_TASK TO COMPLETE_: Please return every record exactly as written, leaving out the pictures.
---------- RECORDS SUPPLIED ----------
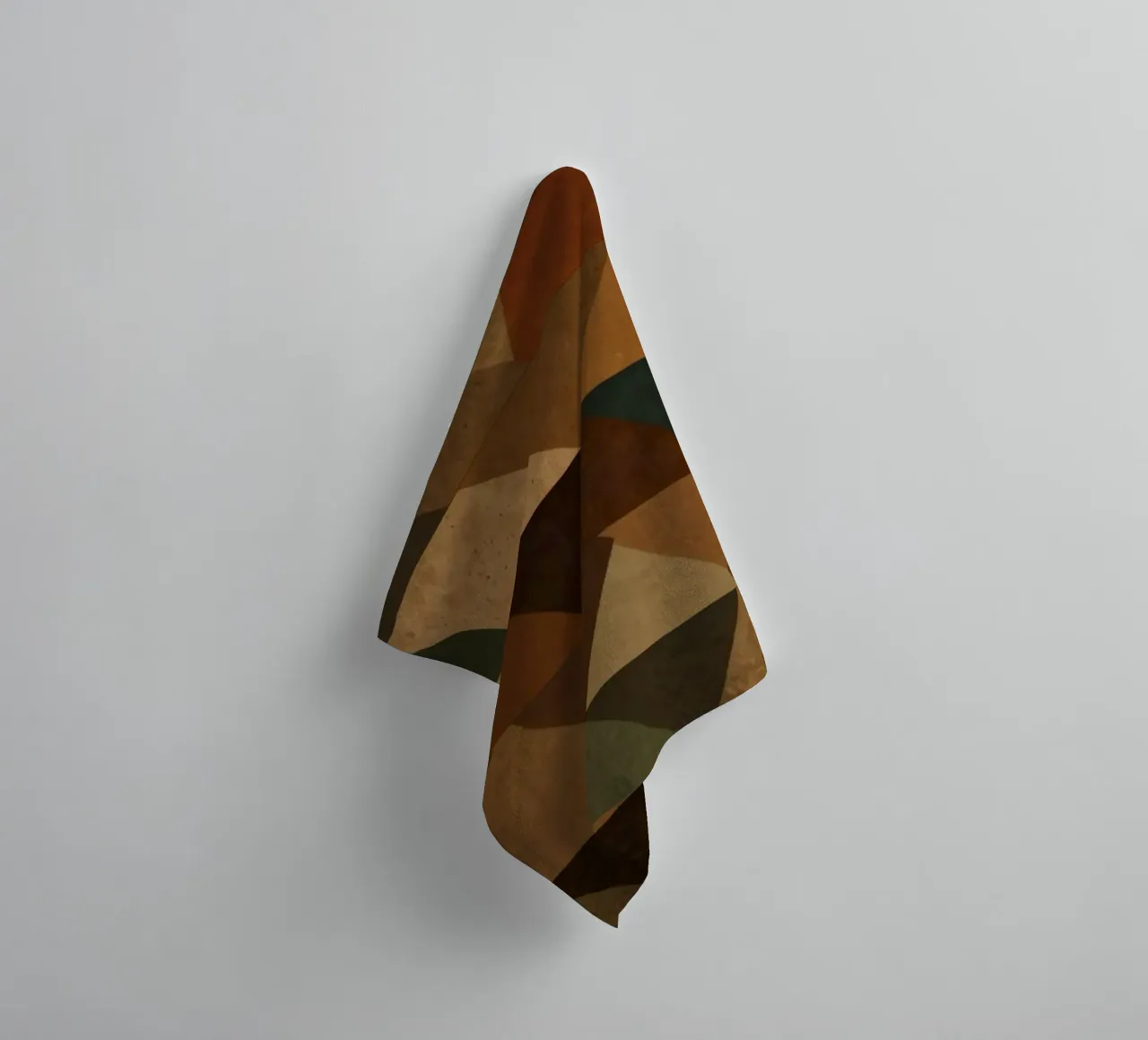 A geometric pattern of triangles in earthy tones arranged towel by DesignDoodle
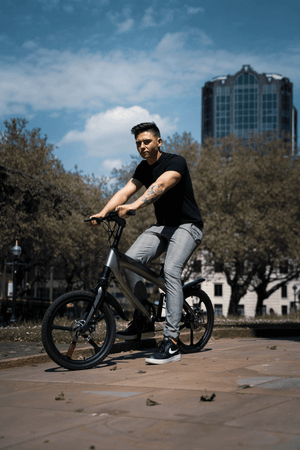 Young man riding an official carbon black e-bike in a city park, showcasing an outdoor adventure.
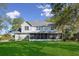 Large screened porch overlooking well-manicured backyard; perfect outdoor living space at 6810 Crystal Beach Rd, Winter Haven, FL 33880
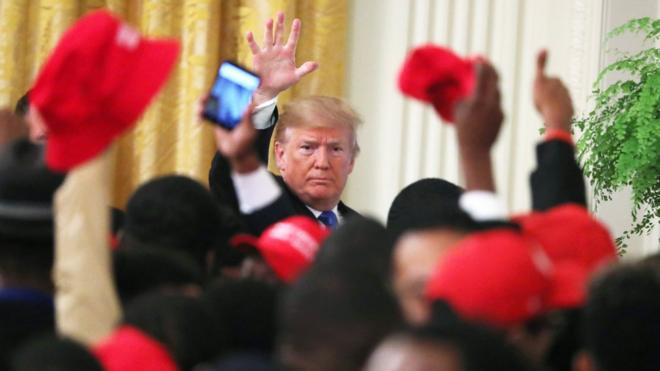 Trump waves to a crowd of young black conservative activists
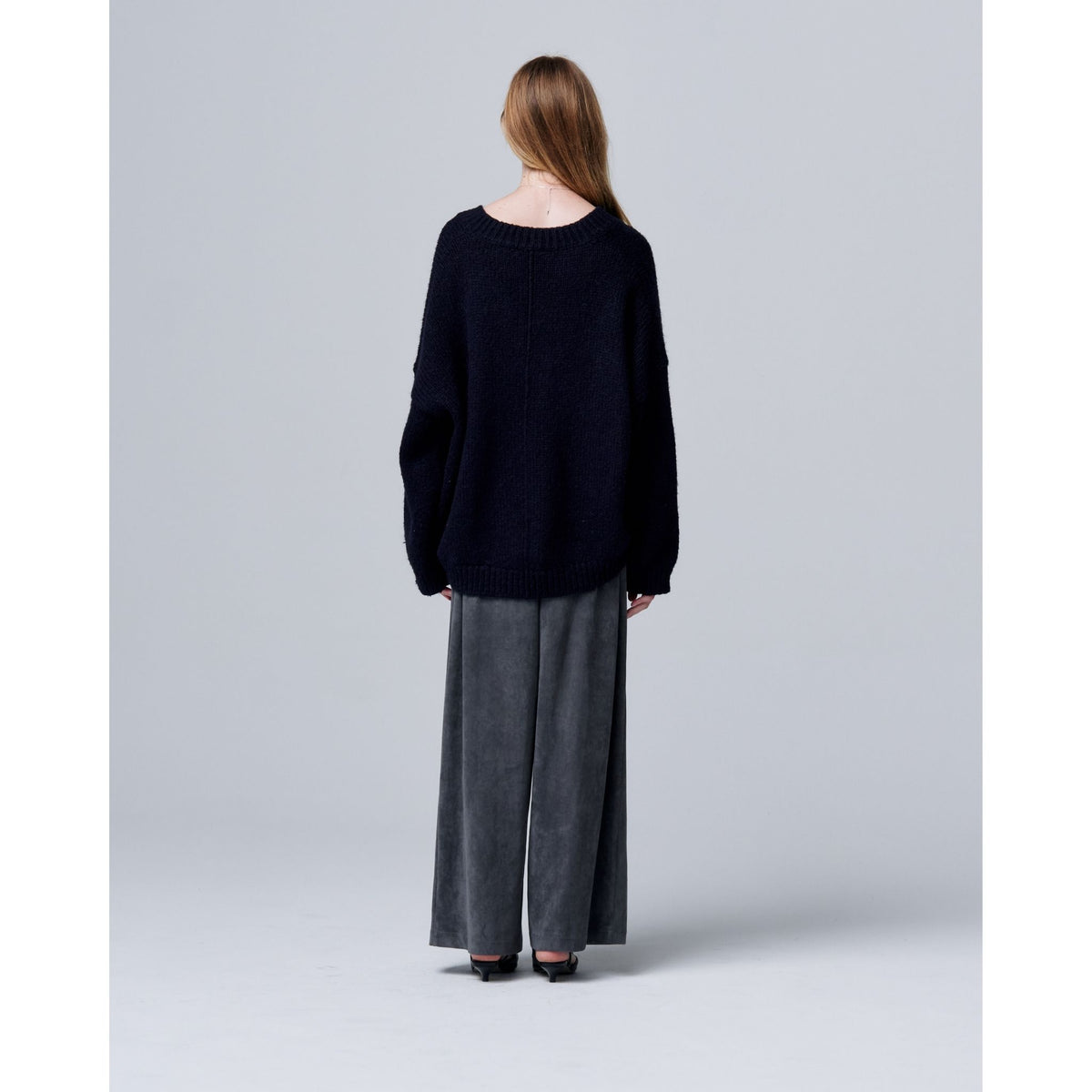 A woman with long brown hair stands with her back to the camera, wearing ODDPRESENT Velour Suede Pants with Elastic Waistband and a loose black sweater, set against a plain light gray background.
----------
_RESULT OF THE EXERCISE_:
 A geometric pattern of triangles in earthy tones arranged towel by DesignDoodle
 Young man riding an official carbon black e-bike in a city park, showcasing an outdoor adventure.
 Large screened porch overlooking well-manicured backyard; perfect outdoor living space at 6810 Crystal Beach Rd, Winter Haven, FL 33880
 Trump waves to a crowd of young black conservative activists
 A woman with long brown hair stands with her back to the camera, wearing ODDPRESENT Velour Suede Pants with Elastic Waistband and a loose black sweater, set against a plain light gray background.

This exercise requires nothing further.